Xavier Dolan's semi-autobiographical J'ai tué ma mère / I Killed My Mother has been getting a lot of attention, mostly because Dolan is 19 and has won three awards at Cannes 2009 for his first film. A former child actor, Dolan spent some of his acting money to make this film about an adolescent (played by himself) who hates his mother.
I really wanted to like I Killed My Mother because it's Canadian and made by such a young fellow. I even thought Dolan could be the Canadian Orson Welles! But he's not, and I Killed My Mother is definitely not Citizen Kane.
Although Dolan's screenplay is certainly interesting, it's filled with so much angst that it does not translate to the filmmaker's style. Dolan's character, Hubert Minel, spends most of the movie shouting, whining, or crying either about his mother or at her. Hubert is supposed to be some sort of genius – a special kind of student – but he's too wrapped up in his James Dean-like, off-the-handle emotions that he can't get it together to follow through with anything.
I Killed My Mother shows Hubert's life through his interactions with those close to him: his single mother (Anne Dorval), his boyfriend Antonin Rimbaud (François Arnaud), and his teacher Julie (Suzanne Clément). Hubert doesn't treat these people with any sort of respect, and since the film is framed completely from his perspective I found it damn hard to be sympathetic with such an immature lead.
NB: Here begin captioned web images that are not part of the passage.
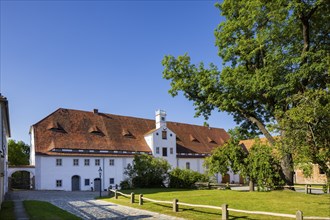 Berthelsdorf Castle is a heritage-protected building in Berthelsdorf, a district of the East Saxon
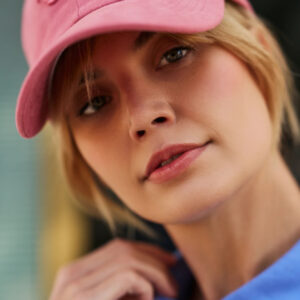 Czapka z daszkiem różowa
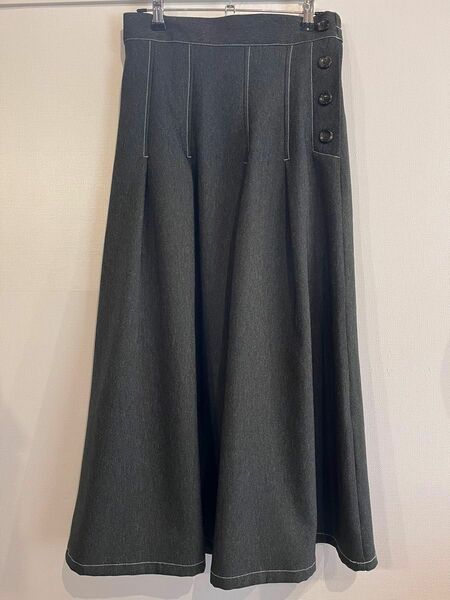 シューラルー　ドレスキップ　スカート　Mサイズ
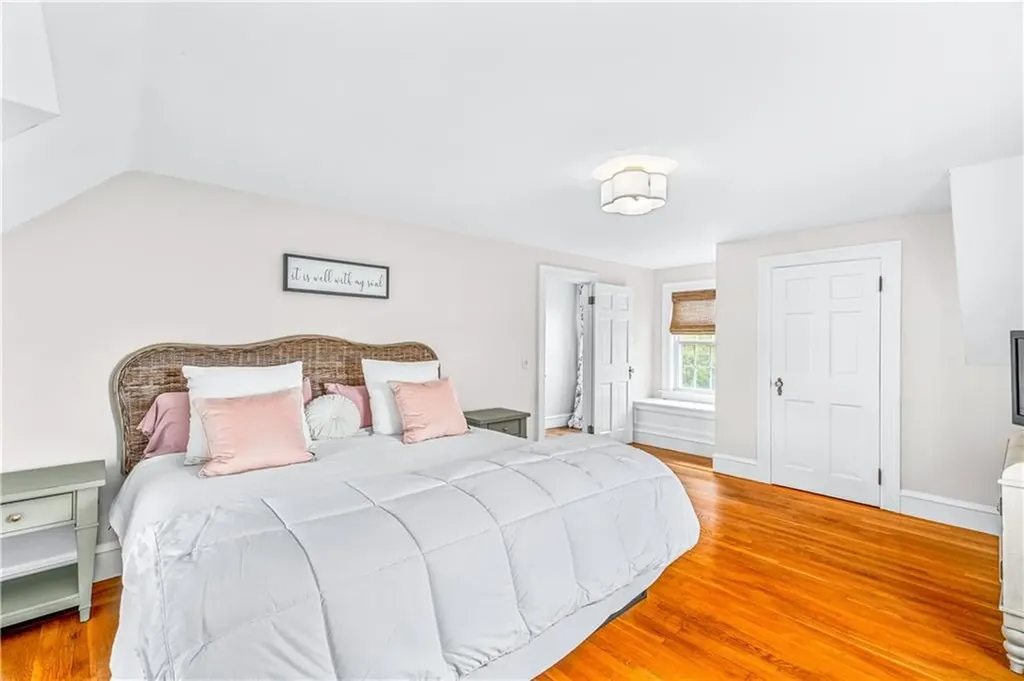 46 North Country Club Drive Warwick RI 02888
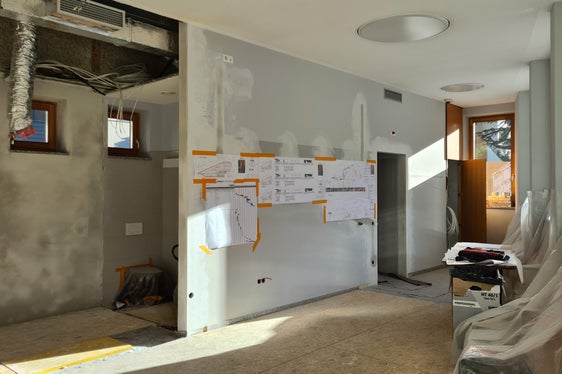 Sono in corso i lavori per il nuovo infopoint di Lana. Tra le altre cose, si stanno costruendo due sportelli. (Foto: USP/Margit Perathoner)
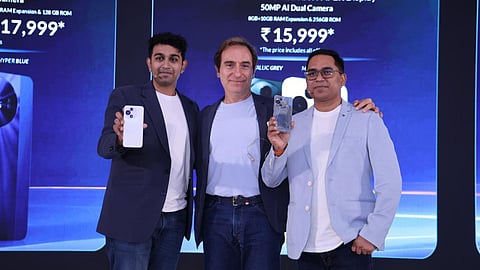 இந்தியாவில் ஸ்மார்ட்போன் விற்பனையை தொடங்கிய Alcatel - ‘வி3 கிளாசிக்’ போனின் சிறப்பு அம்சங்கள் என்ன?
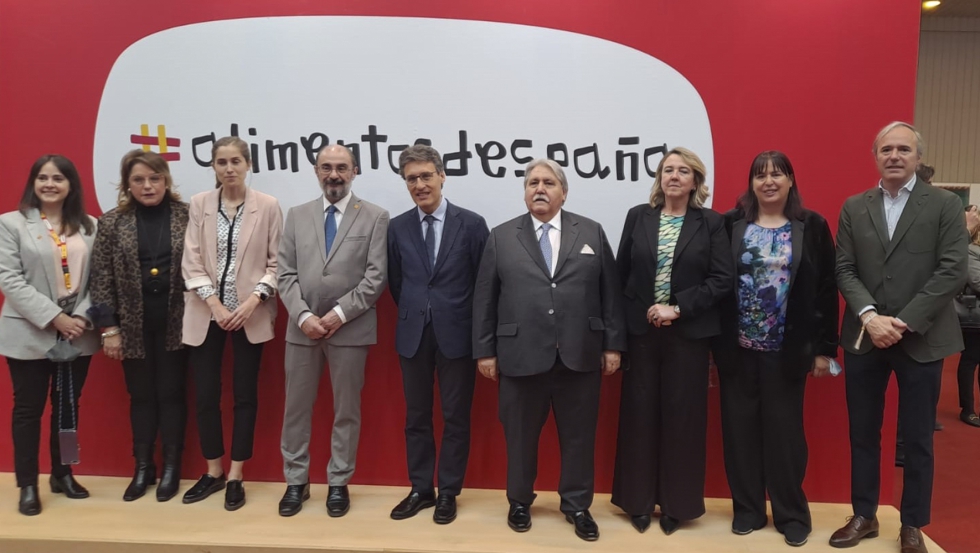 Autoridades en el stand del Ministerio durante la jornada inaugural de FIMA 2022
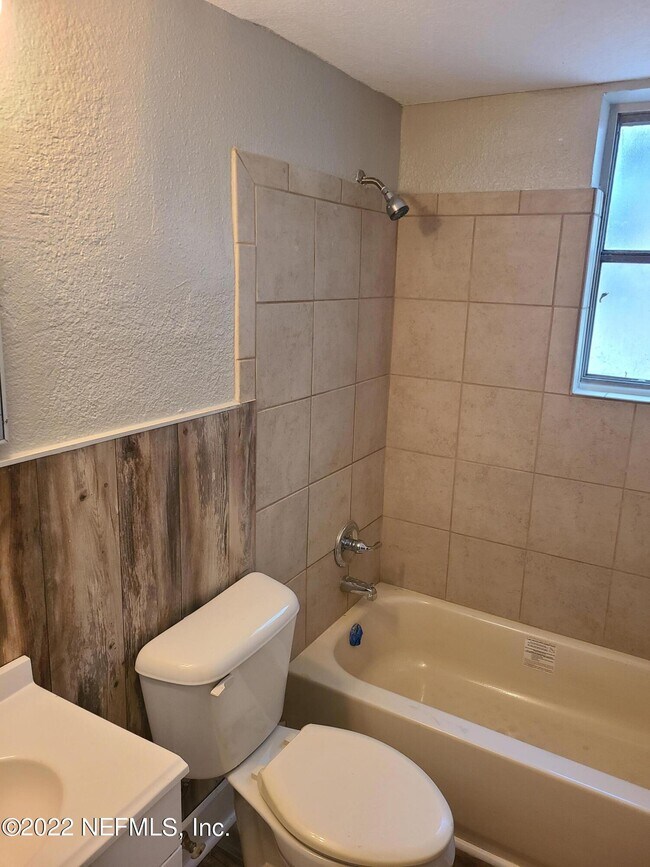 Photo - 1598 W 15th St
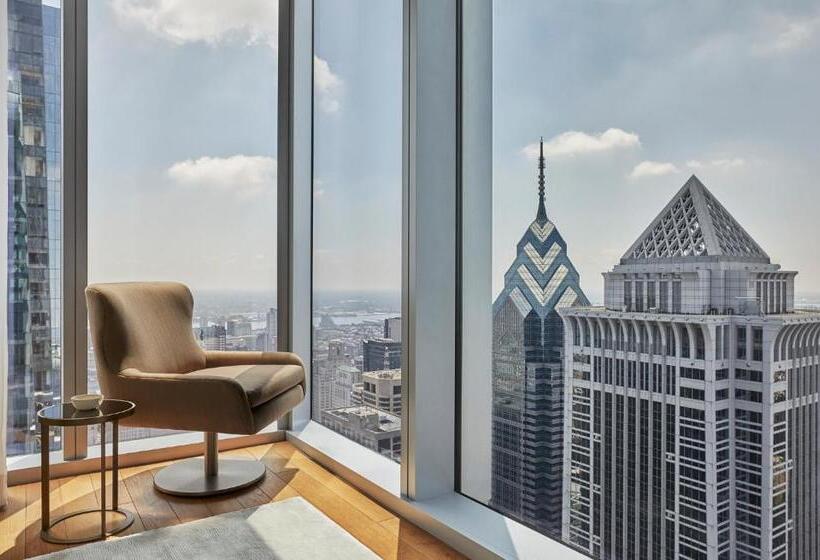 سوئیت با تخت بزرگ, Four Seasons Hotel Philadelphia At Comcast Center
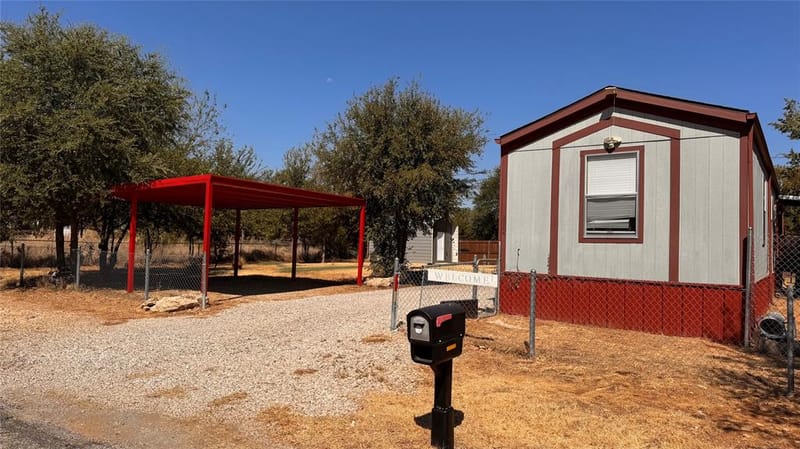 2804 Cedarhill Street, Granbury TX 76048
I Killed My Mother also suffers from a level of pretension comparable to that of first-year film students explaining why drinking sour milk is a metaphor for maternity. The fact that the boyfriend's name is Antonin Rimbaud really rubbed me the wrong way; it was clear that Dolan merely wanted his audience to understand that he's read some books. There are several references throughout to Cocteau, de Maupassant, and de Laclos - so many, in fact, that the references to these artists made the film seem like it was reaching to be better than it actually was.
Another problem is that all shots are organized and measured out in a manner that fails to match the angst found in the script and the performances. For instance, nearly every shot is a medium close up; we hardly ever see a character's waist. In each scene, Dolan would box a character in so much that I began to get claustrophobic. It was an interesting visual, but it did not match the tone of the film. Also, there are several scenes where we see Hubert standing in the middle of the shot, boxed in by a fireplace or some sort of frame, with a chair on the right and a statue on the left - or something similar. Everything is symmetrical and it stands out too much.
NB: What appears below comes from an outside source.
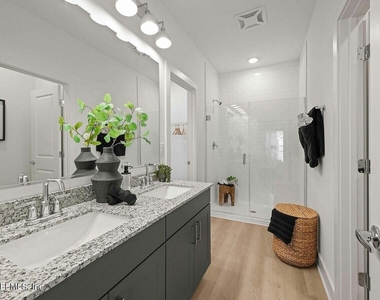 3730 Dupont Avenue - Photo Thumbnail 24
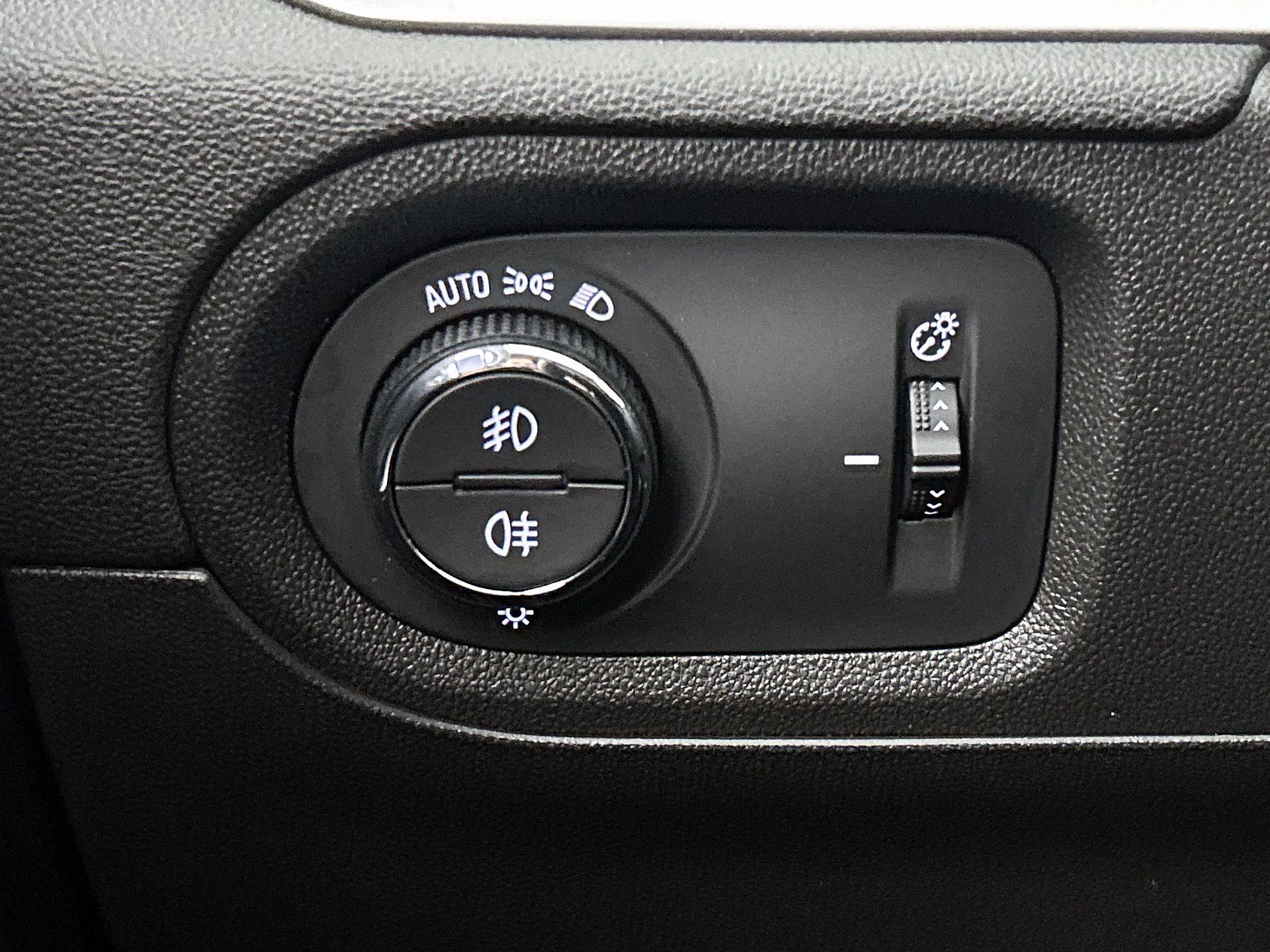 Opel-Grandland-image-29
Whenever Dolan uses wide shots he hides the actor's head in the bottom right or bottom left of the screen. When two characters talk, he cuts back and forth between close-ups of their faces - one character on the extreme right, the next on the extreme left - creating a mirror image of each other and lots of empty space around their faces. Dolan suggested in an interview with the Huffington Post that this was to symbolize the distance between the characters, but it actually just makes them more connected and closer together.
The most redeeming element in I Killed My Mother is Anne Dorval as Hubert's mother Chantale. When the camera is on her and we're given her side of the story, the film feels more mature. Unfortunately, that doesn't happen often. Dorval's performance is excellent, though she is not used well enough. For instance, she has few close-ups while Hubert is yelling at her about her eating habits; even so, the pain in her eyes just bleeds through the scene - amazing. It's too bad that we are hardly ever given the chance to see things from her point of view.
Of course, as a first film I Killed My Mother is a good try, but it is not the type of genius filmmaking most people are making it out to be.
J'ai tué ma mère / I Killed My Mother (2009). Dir. / Scr.: Xavier Dolan. Cast: Xavier Dolan, Anne Dorval, François Arnaud, Suzanne Clément.